The problem: Look for the line that has "Mondetta‎ small euc Beige Ribbed Henley Top" in the material below; please repeat it and every line after it, exactly, up to and including the line that has "Building Photo - 662 Madison St", and nothing else.
Records for this exercise START
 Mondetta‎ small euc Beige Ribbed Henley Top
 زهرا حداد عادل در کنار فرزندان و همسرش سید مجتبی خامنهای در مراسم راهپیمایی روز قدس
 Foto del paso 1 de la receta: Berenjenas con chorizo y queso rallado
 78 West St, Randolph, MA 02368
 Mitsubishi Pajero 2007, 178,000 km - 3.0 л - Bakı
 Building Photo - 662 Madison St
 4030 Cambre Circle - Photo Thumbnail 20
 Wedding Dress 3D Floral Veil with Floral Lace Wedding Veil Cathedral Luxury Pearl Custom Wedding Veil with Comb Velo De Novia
Records for this exercise END
Records for this exercise START
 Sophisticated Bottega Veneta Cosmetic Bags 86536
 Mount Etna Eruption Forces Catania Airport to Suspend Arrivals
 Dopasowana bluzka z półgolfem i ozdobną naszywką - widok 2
Records for this exercise END
Task answer:
 Mondetta‎ small euc Beige Ribbed Henley Top
 زهرا حداد عادل در کنار فرزندان و همسرش سید مجتبی خامنهای در مراسم راهپیمایی روز قدس
 Foto del paso 1 de la receta: Berenjenas con chorizo y queso rallado
 78 West St, Randolph, MA 02368
 Mitsubishi Pajero 2007, 178,000 km - 3.0 л - Bakı
 Building Photo - 662 Madison St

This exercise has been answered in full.